[TASK DETAILS] Write out again the lines from the line with "遺伝子検査キット Amazon |" up to and including the line with "脑白质病之脑小血管病的诊断和鉴别诊断", exactly as they stand below, and skip any picture.

[TASK INPUTS]

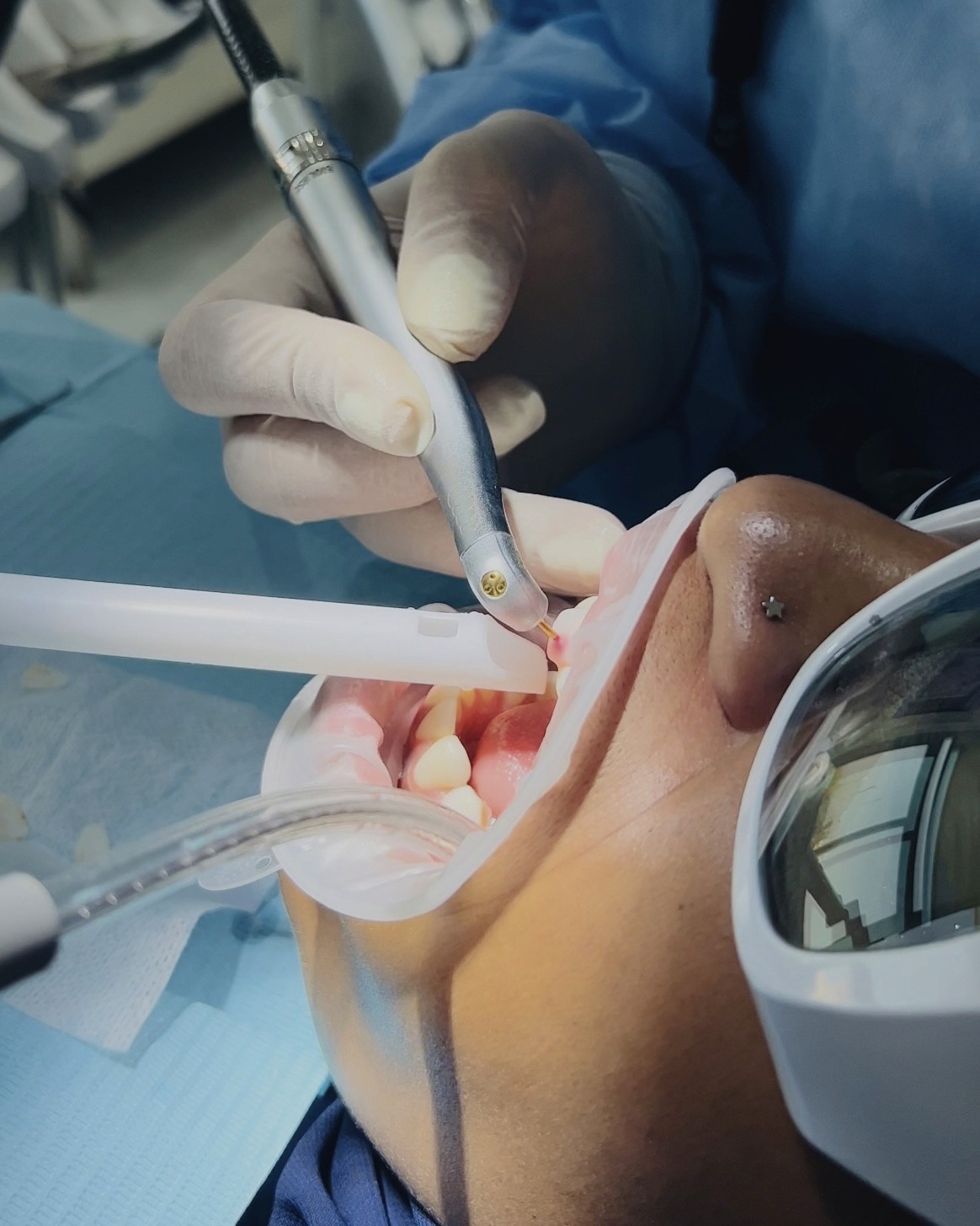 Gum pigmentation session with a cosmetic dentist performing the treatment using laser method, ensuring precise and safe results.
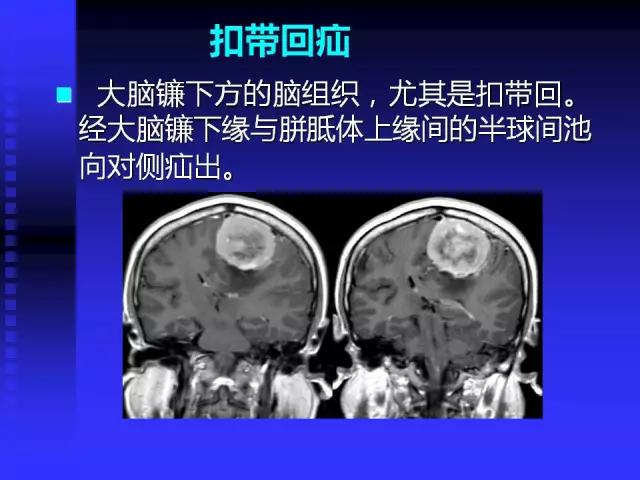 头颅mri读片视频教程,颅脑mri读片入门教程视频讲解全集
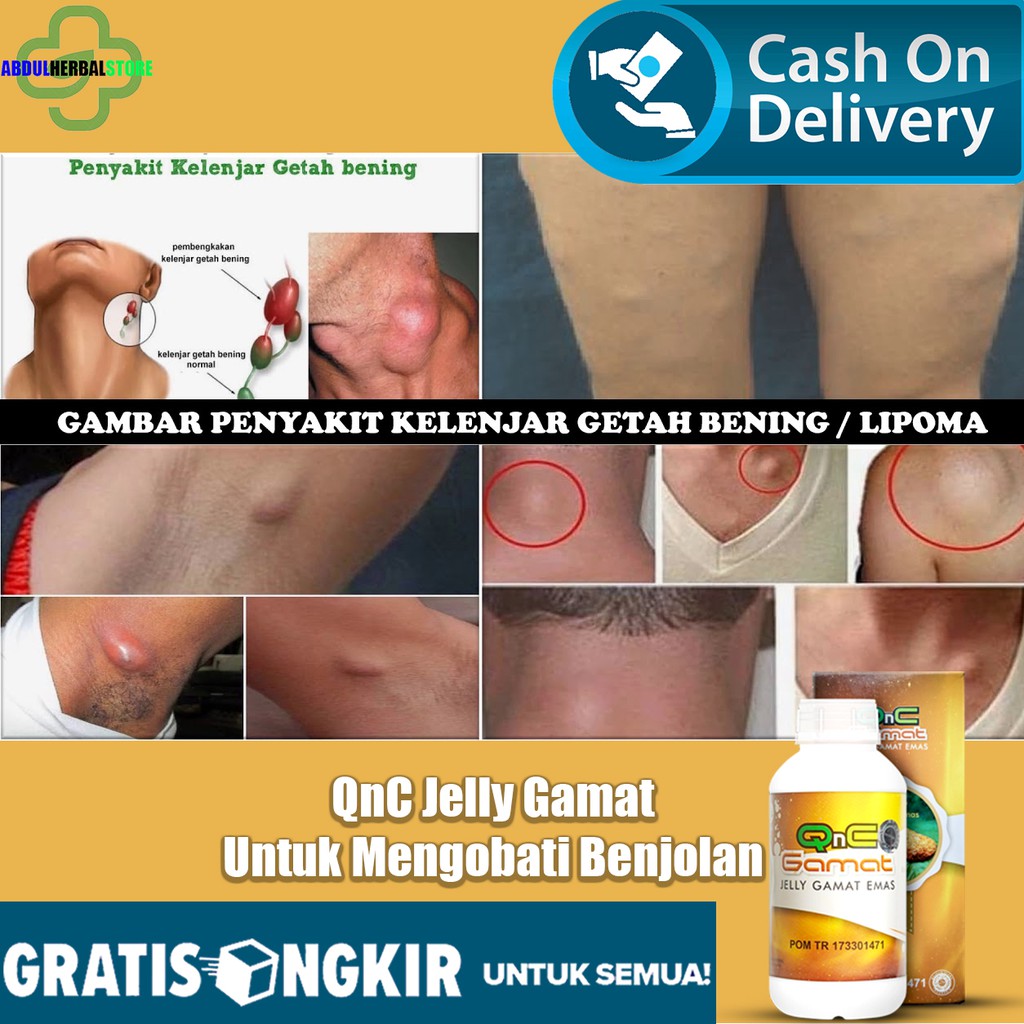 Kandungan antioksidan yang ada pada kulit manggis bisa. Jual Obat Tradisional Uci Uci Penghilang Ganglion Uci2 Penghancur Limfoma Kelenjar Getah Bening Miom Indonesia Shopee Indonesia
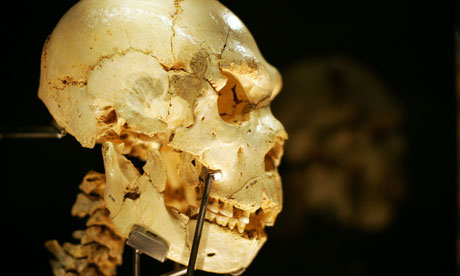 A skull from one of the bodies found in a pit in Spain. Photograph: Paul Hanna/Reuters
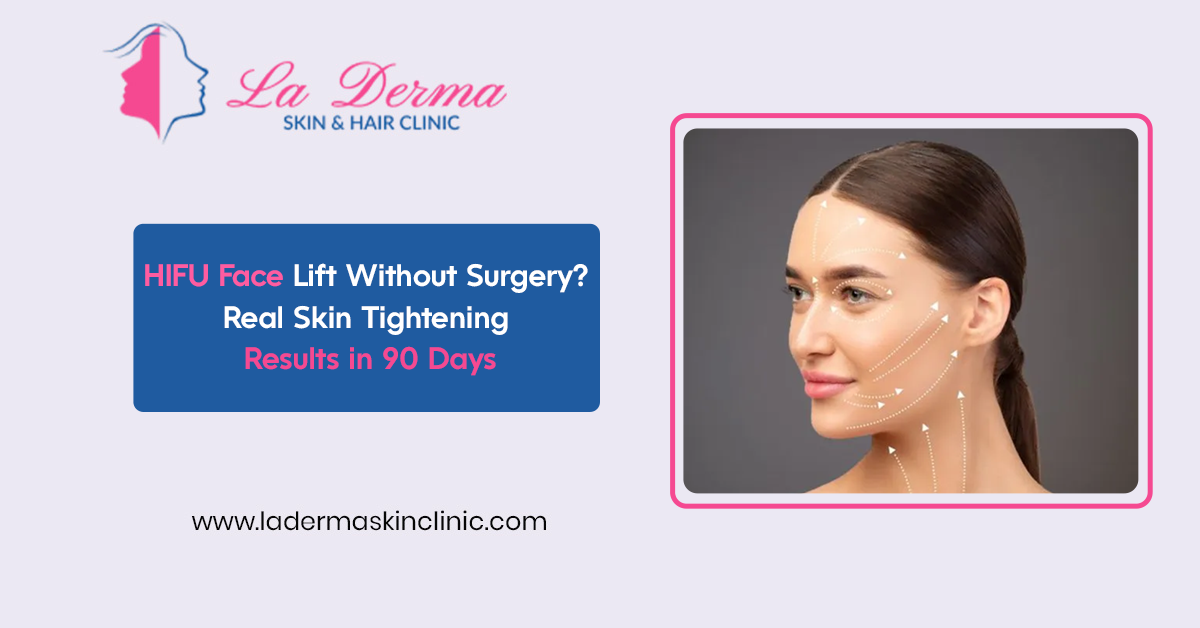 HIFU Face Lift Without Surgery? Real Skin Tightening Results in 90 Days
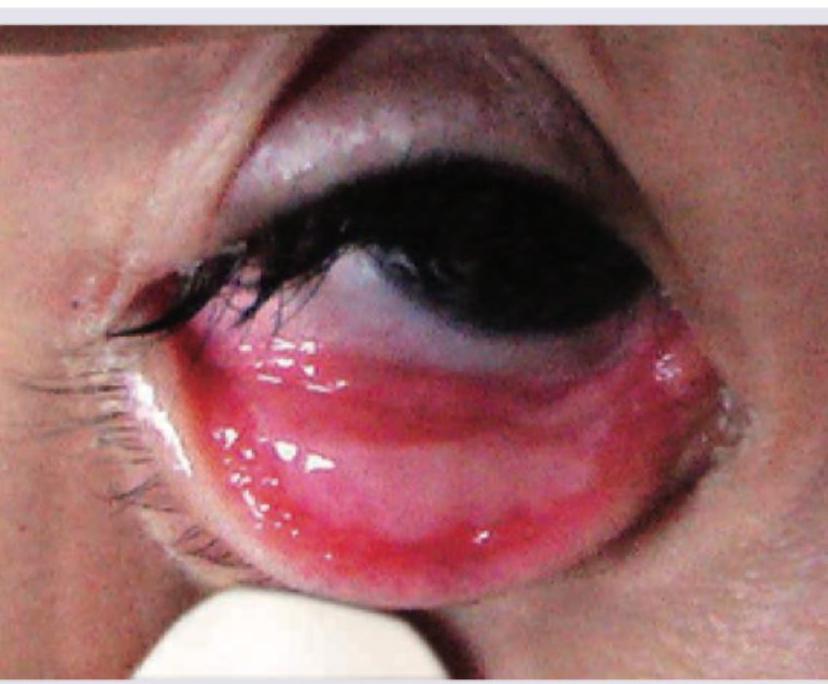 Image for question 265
* * *
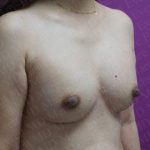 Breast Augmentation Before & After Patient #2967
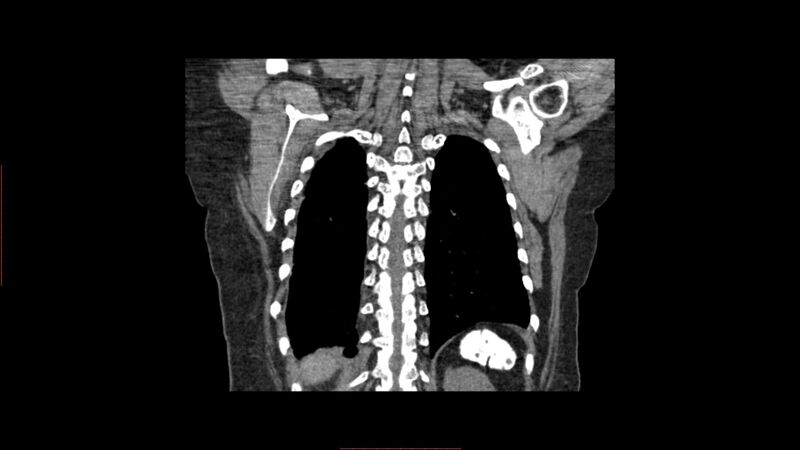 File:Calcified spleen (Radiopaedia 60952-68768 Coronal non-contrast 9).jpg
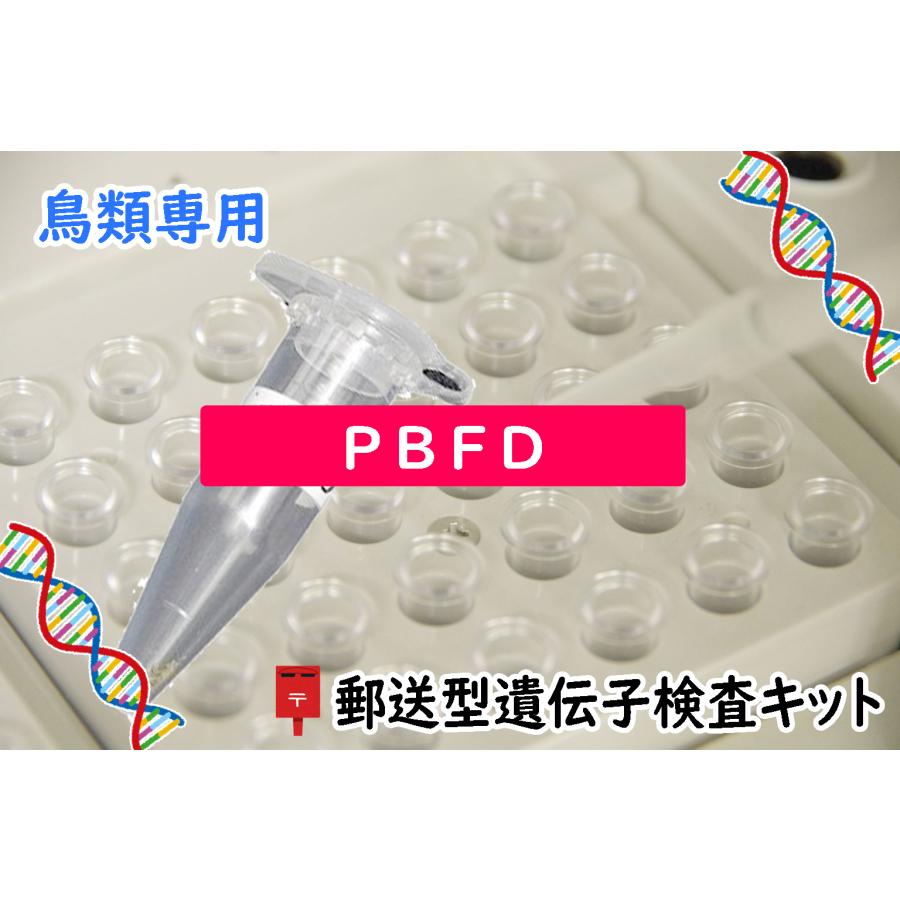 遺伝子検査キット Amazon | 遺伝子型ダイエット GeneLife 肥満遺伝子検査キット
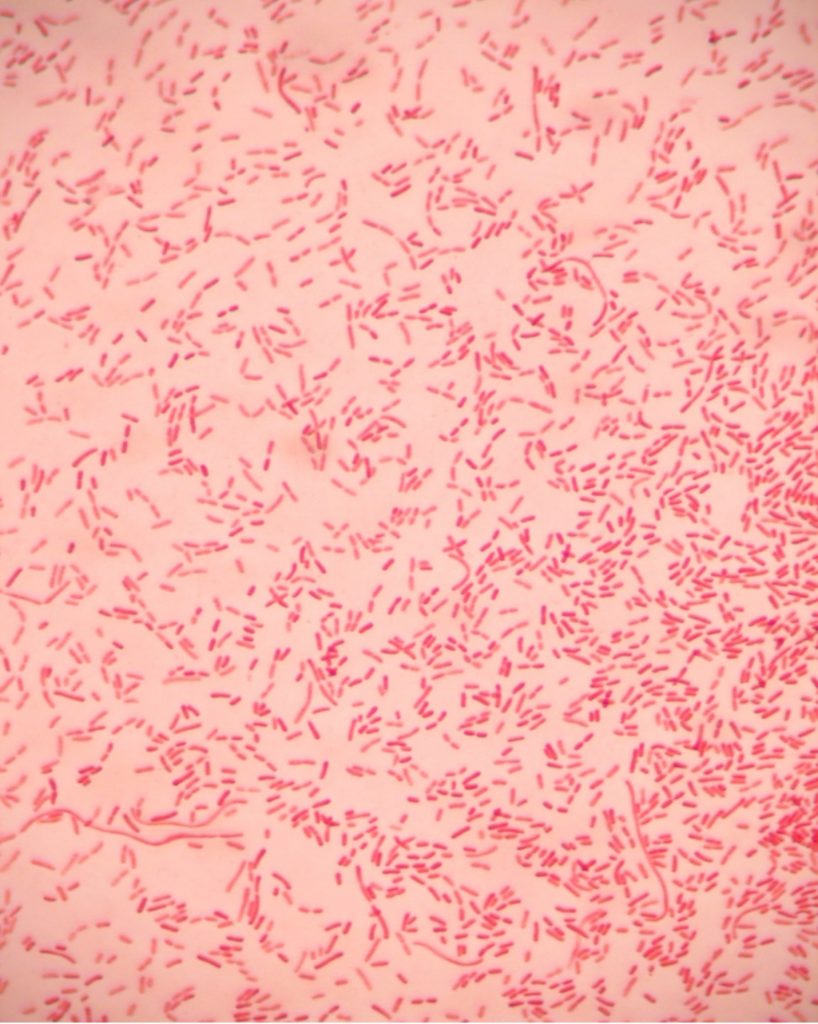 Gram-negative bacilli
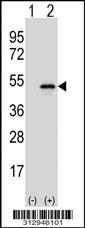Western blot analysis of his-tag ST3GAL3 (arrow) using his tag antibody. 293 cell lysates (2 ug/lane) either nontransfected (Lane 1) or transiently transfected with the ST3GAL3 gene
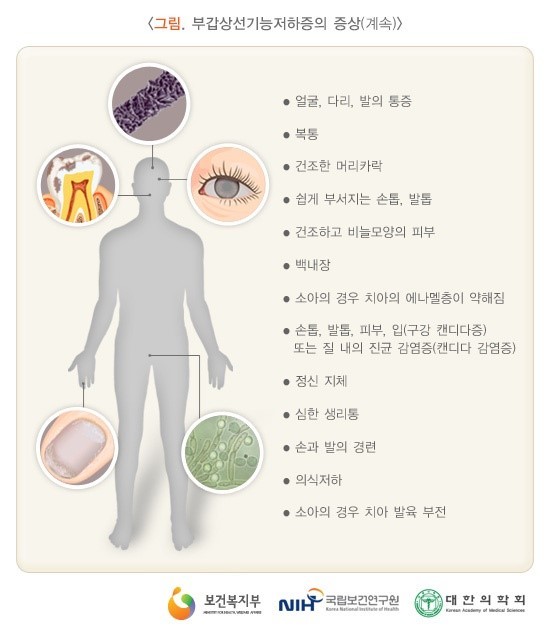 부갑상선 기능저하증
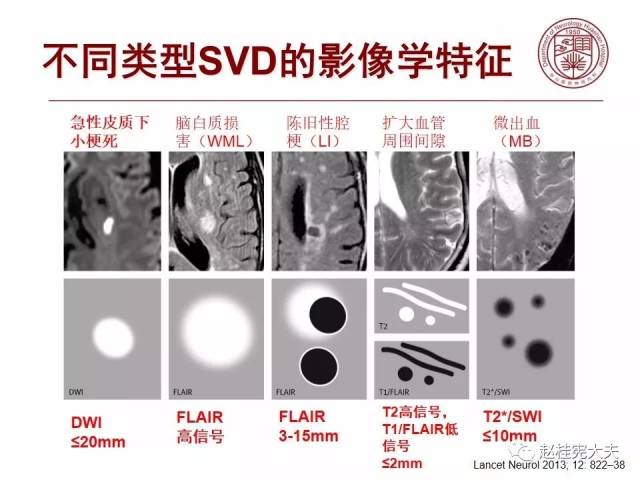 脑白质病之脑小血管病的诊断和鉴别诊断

[FINISHED EXERCISE]
 遺伝子検査キット Amazon | 遺伝子型ダイエット GeneLife 肥満遺伝子検査キット
 Gram-negative bacilli
Western blot analysis of his-tag ST3GAL3 (arrow) using his tag antibody. 293 cell lysates (2 ug/lane) either nontransfected (Lane 1) or transiently transfected with the ST3GAL3 gene
 부갑상선 기능저하증
 脑白质病之脑小血管病的诊断和鉴别诊断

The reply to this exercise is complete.